*DESCRIPTION OF THE TASK*
The answer must restate the listing word for word, without its images.

Segment Start: SUPPLIED DATA

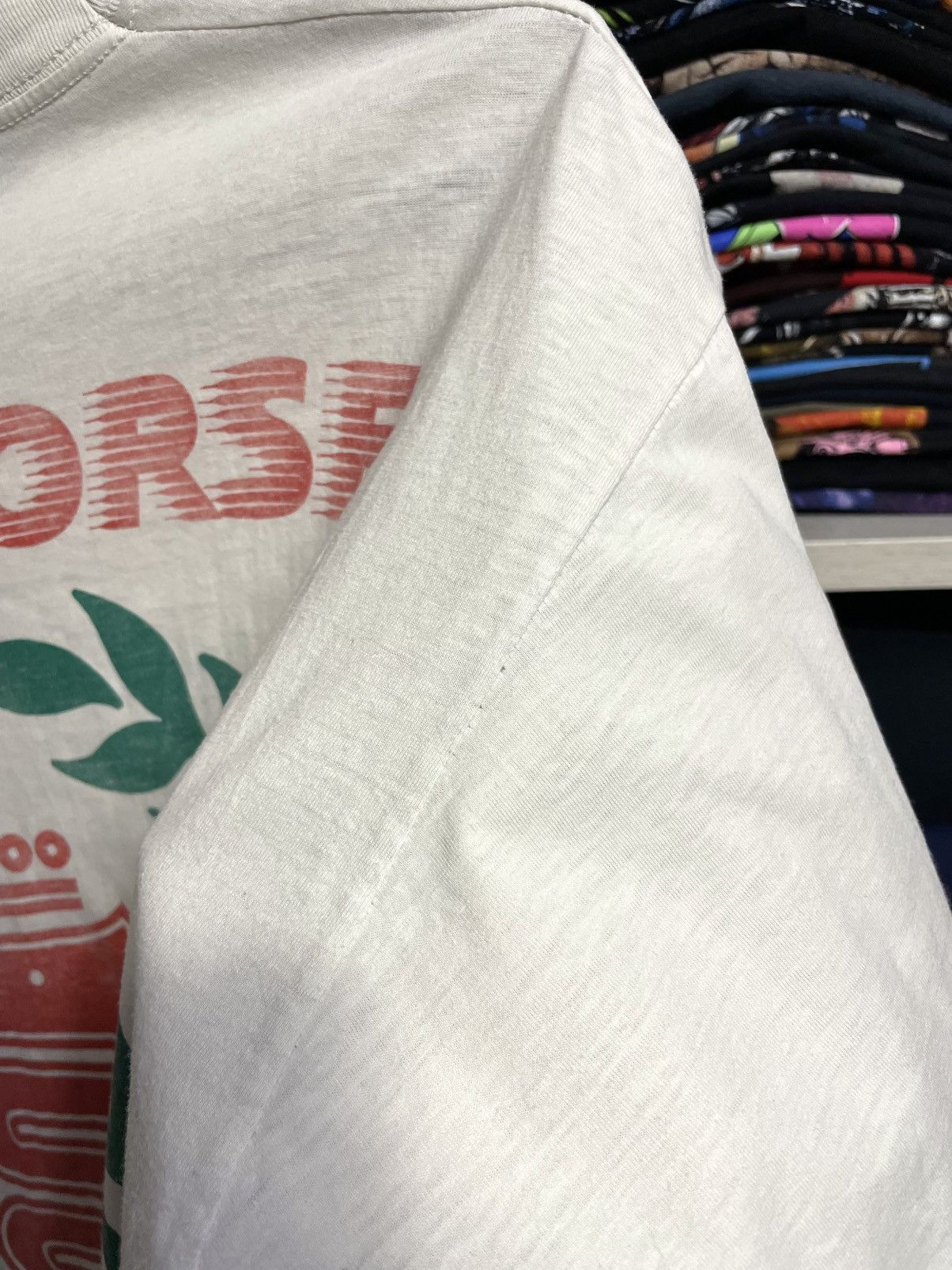 Vintage Vintage 90s Alfa Romeo Corse Over Print Racing T-Shirt Size US L / EU 52-54 / 3 - 21 Thumbnail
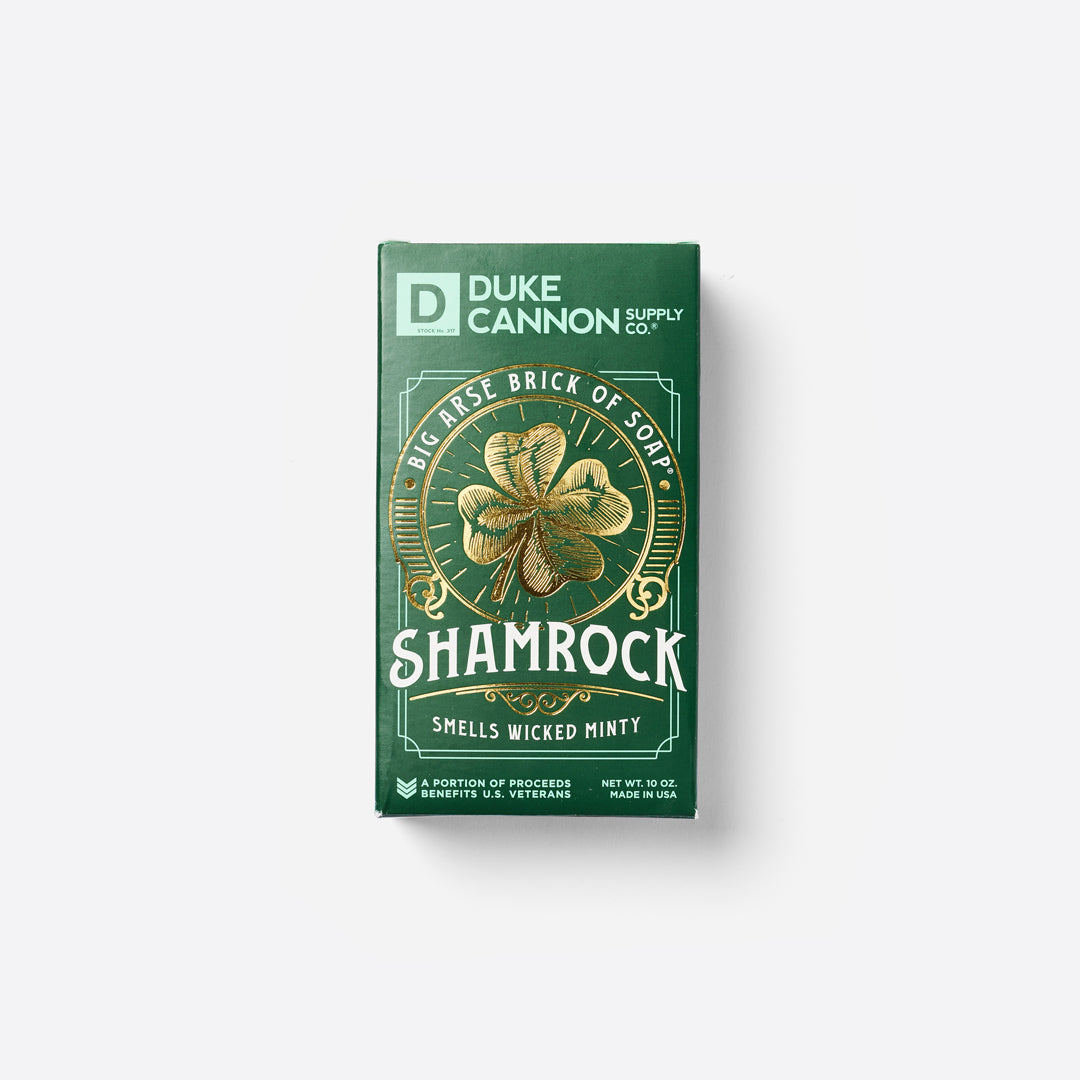 Duke Cannon Shamrock Soap 10oz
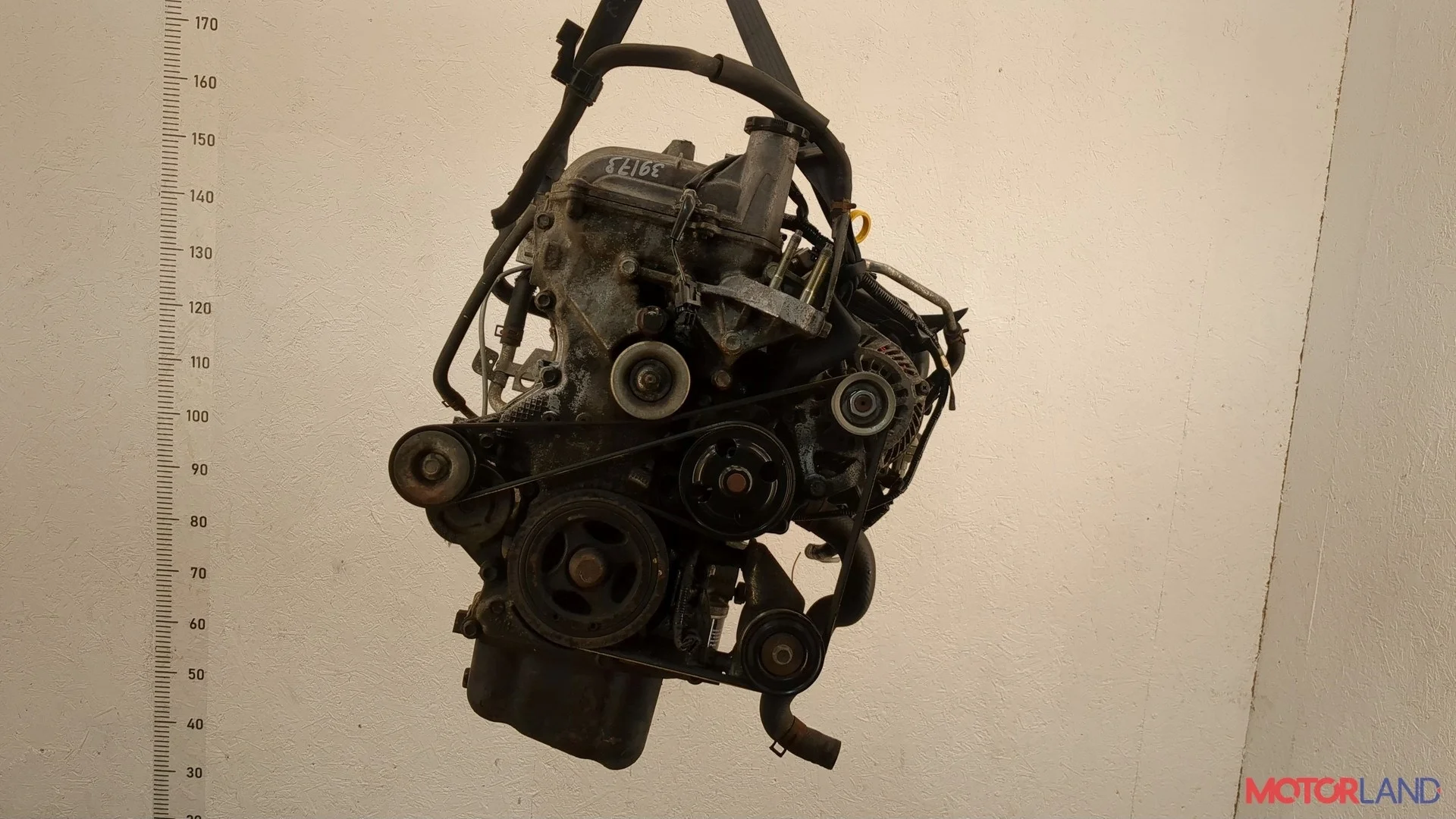 Двигатель (ДВС) Mazda Mazda2 2007-2014 КПП 5-ст.мех.(МКПП) ZJ-VE Бензин 1.3 л Инжектор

Segment End: SUPPLIED DATA

*REPLY TO THE EXERCISE*
 Vintage Vintage 90s Alfa Romeo Corse Over Print Racing T-Shirt Size US L / EU 52-54 / 3 - 21 Thumbnail
 Duke Cannon Shamrock Soap 10oz
 Двигатель (ДВС) Mazda Mazda2 2007-2014 КПП 5-ст.мех.(МКПП) ZJ-VE Бензин 1.3 л Инжектор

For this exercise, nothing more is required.